Davisson Erica A, Swanson Elizabeth A
Erica A. Davisson, MSN, RN-BC, is a PhD candidate and research assistant at the University of Iowa College of Nursing. She also continues to work as a staff nurse at the University of Iowa Hospitals and Clinics. Her research focuses on staff nurses' decision making during discharge planning for patients with heart failure. Elizabeth A. Swanson, PhD, RN, is Associate Professor at the University of Iowa College of Nursing. Dr. Swanson is the author of 64 journal articles and book chapters and 11 edited books. She is a part of a work group defining the value of the discipline of nursing. Dr. Swanson serves as a reviewer for five nursing journals.
Prof Case Manag. 2018 Jan/Feb;23(1):10-18. doi: 10.1097/NCM.0000000000000244.
Rural status confounds chronic disease self-management. The purpose of this qualitative, descriptive study was to evaluate the nurse-led "Living Well" chronic disease management program reporting patient recruitment and retention issues since program initiation in 2013. The Chronic Care Model (CCM) was the guiding framework used to reinforce that interdisciplinary teams must have productive patient interactions for their program(s) to be sustainable.

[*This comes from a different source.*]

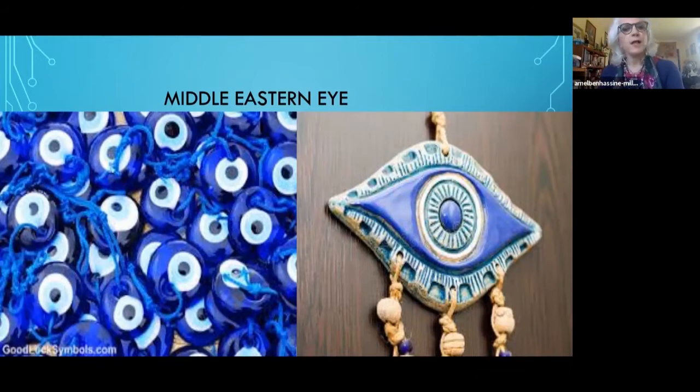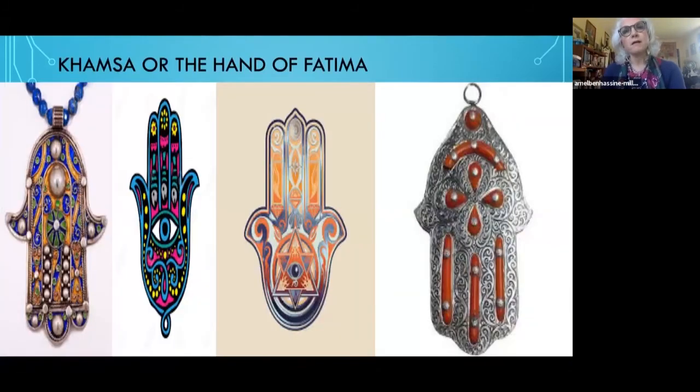Now I would like to talk about the Chamsa. About the eye — from the body, there are two things: the eye and the hand that are used very, very often. The eye is: I am looking.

A rural, Midwest county clinic's chronic disease management program.
Observations, interviews, and within- and across-case coding were used. Patients' responses were analyzed to identify (1) reasons for recruitment and retention problems and (2) program elements that were viewed as successful or needing improvement. A convenience sample of 6 rural, English-speaking adults (65 years or older, with no severe cognitive impairment) with at least one chronic condition was recruited and interviewed.
Themes emerged related to nurse knowledge, availability, and value; peer support; overcoming barriers; adherence enhancement; and family/friends' involvement. Patients reported engagement in self-management activities because of program elements such as support groups and productive nurse-patient interactions. Interdisciplinary communication, commitment, and patient referral processes were identified as reasons for recruitment and retention issues.
Findings substantiated that certain elements must be present and improved upon for future rural programs to be successful. Interdisciplinary communication may need to be improved to address recruitment and retention problems. It was clear from patient interviews that the nurse coordinators played a major role in patients' self-management adherence and overall satisfaction with the program. This is important to case management because results revealed the need for programs of this nature that incorporate the vital role of nurse coordinators and align with the CCM value of providing a supportive community health care resource for patients with chronic disease.
农村地区的情况使慢性病自我管理变得复杂。这项定性描述性研究的目的是评估自2013年项目启动以来,由护士主导的“生活得好”慢性病管理项目,该项目报告了患者招募和留存方面的问题。慢性病护理模式(CCM)是指导框架,用于强化跨学科团队必须与患者进行有效的互动,其项目才能可持续发展。
中西部一个乡村县诊所的慢性病管理项目。
采用观察、访谈以及案例内和案例间编码。对患者的回答进行分析,以确定(1)招募和留存问题的原因,以及(2)被视为成功或需要改进的项目要素。招募并访谈了6名农村地区、讲英语的成年人(65岁及以上,无严重认知障碍),他们至少患有一种慢性病,作为便利样本。
出现了与护士知识、可及性和价值;同伴支持;克服障碍;增强依从性;以及家人/朋友参与相关的主题。患者报告称,由于支持小组和有效的护患互动等项目要素,他们参与了自我管理活动。跨学科沟通、投入程度和患者转诊流程被确定为招募和留存问题的原因。
研究结果证实,未来农村项目要取得成功,必须具备并改进某些要素。可能需要改善跨学科沟通,以解决招募和留存问题。从患者访谈中可以清楚地看出,护士协调员在患者的自我管理依从性以及对项目的总体满意度方面发挥了主要作用。这对病例管理很重要,因为结果表明需要这类纳入护士协调员重要作用并符合慢性病护理模式为慢性病患者提供支持性社区医疗资源这一价值理念的项目。